El cementerio, que está a la orilla izquierda del Ródano y es el único que data de la Edad Media, es un parque con tumbas sueltas repartidas, pareciera ser, a un irreconocible azar. Los árboles, muchos en número, hacen sombra por los senderos y las lápidas se entremezclan en el paisaje, mimetizadas por el entorno. Algunas son parte del tronco de abedules centenarios; otras están engravadas en rocas o caídas en profana libertad naturista. Hay senderos floridos y algunos bancos de esos que se veían en las antiguas plazas y plazoletas, de madera, con toda la tendencia a la decrepitez y, pareciera, en un cuidado descuido. El cementerio da toda la impresión de un parque en el cual las tumbas son parte de una decoración total. La muerte llamando a la vida, por así decirlo. Y la vida, como no, está presente, mascando, deglutiendo, despedazando, ingeriendo. Algunas decenas de personas, la mayoría en grupos de dos y tres, caminaban por el lugar con el aire liberador de aquel que tiene una pausa laboral, tomaban posesión de alguna banqueta y extendían sus viandas bajo el sol del mediodía. La congoja de años idos no afectaba la metódica acción de molares, premolares y caninos. Huevos duros pasaban a bodega, salchichones caían exaustos en cavidades bucales ansiosas; el determinado deterioro de los nobles huesos que yacían impetérritos no detenía el hambre, el llamado de la vida, la vida misma exigiendo alimento ante el -ilustre- pasado allí expuesto.

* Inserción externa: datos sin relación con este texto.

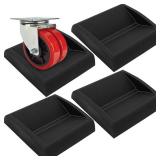 WELLGO Bed Stoppers and Furniture Cups 3\x3\in 4Pack - Premium Silicone Casters Furniture Wheel Stoppers fit All Wheels of Furniture, Sofa Bed Chairs-Made up of Solid Silicone Prevents Scratchesin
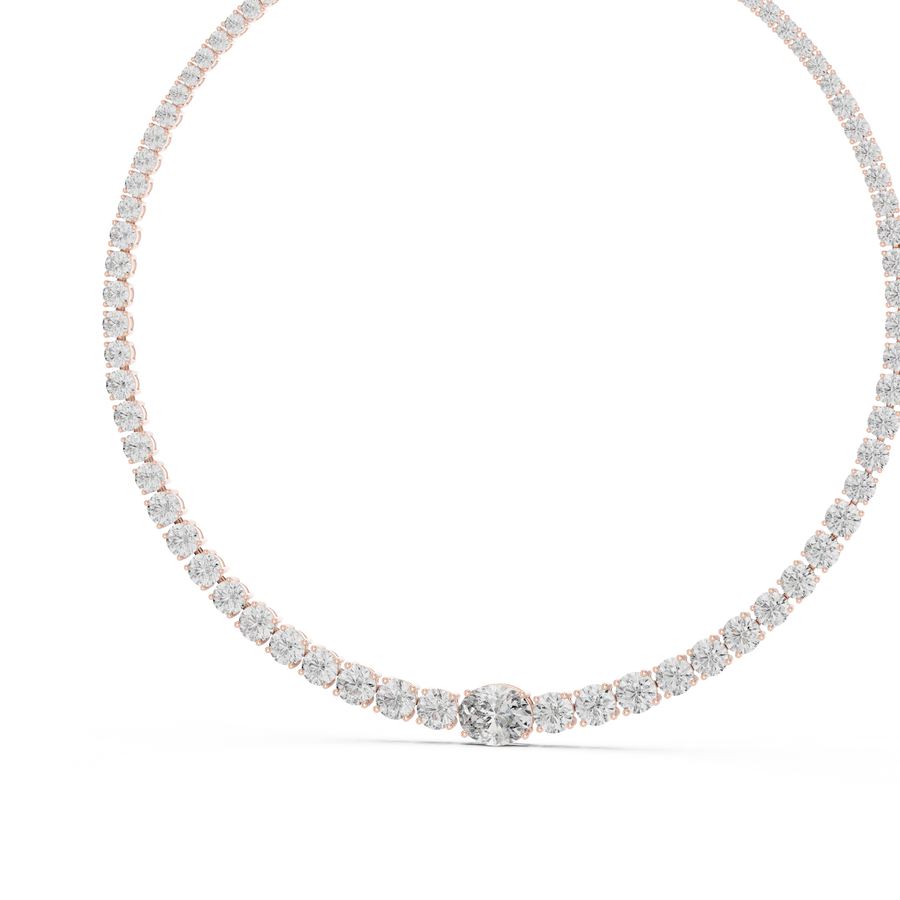 Zelianne 11.00 × 9.00 mm Diamond Necklace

Llegamos a Jorge Luis. Su hermosa lápida, una roca esculpida, un cerquito de verdes arbustos enanos, una rosa que algún admirador, admiradora, había dejado. En la parte anterior el nombre sencillamente escrito con un ejército de guerreros avanzando con los brazos alzados; en la posterior una nave vikinga con el epitafio en inglés antiguo and ne forhtedon na (y sin temer nada, que proviene de un poema épico del siglo X, La Batalla de Maldon, en cual un guerrero arenga a sus hombres en Essex, Inglaterra, antes de morir peleando contra los invasores vikingos) y debajo con la dedicatoria de ulrica a javier otárola, nombres que se daban a sí mismos María Kodama, su última mujer, y Borges. Pocos metros atrás, en la cabecera, si se quiere, de Jorge Luis, se encuentra la tumba de Grisélidis Réal, Ecrivain-Peintre-Prostitueé, según reza en su lápida. Mas tarde, ya en casa, con la ayuda de Wikipedia, me educo acerca de Grisélidis; luchadora por los derechos de las prostitutas en Francia descansa ahora a pocos metros de quien supo, arrabal de por medio, frecuentarlas. Dos chicas (écrivains? peintres? prostitueés?) le dejaron una flor y permanecieron unos minutos en silencio frente a su sencilla última permanencia en la Tierra. A la derecha de Borges, tras un frondoso árbol, se encuentra la tumba de otro famoso: Jean Calvin, fundador de la doctrina calvinista en la cual se basa la iglesia protestante, quemador de herejes como Miguel Servet, al que envió a la hoguera (aunque Calvino se defendió diciendo que el bogó por una muerte menos dolorosa, el decapitamiento) por negar la existencia de la Santísima Trinidad, base de su prego. La santíma trinidad: Borges, Grisélidis, Calvino. Una broma terrena involuntaria en un predio arbolado a la orilla izquierda del Ródano en donde oficinistas y empleados bancarios hacían cuenta de sus meriendas bajo el sol de Marzo.

        

Salimos pensativos, caminando el sendero de pedregullo, con deseos de un haiku borgeano, un shake, un soneto, una manzana, una mísera octavilla, una pizza, lo que fuera. Una señora de largo sobretodo marrón y sombrero con pluma, portadora de dos bolsas de supermercado, había acaparado uno de los bancos casi a la puerta de entrada del Cimetière y se dedicaba a desplegar, con parsimonia, un mantelito a cuadros. Desde lo alto de una cúpula que componía un mausoleo un señor de grave barba blanca la observaba con la fría seguridad que da el mármol, el índice rígido de las estatuas apuntando al contenido de su compra. La pasamos de largo y sentimos que nos chistaba. Al girarnos la vimos blandir un sandwich y mover los labios. Yo creí escuchar que nos susurraba "and ne forhtedon na!". Pero no estoy seguro. A lo mejor fué una ilusión. De alguna de las dos hambres.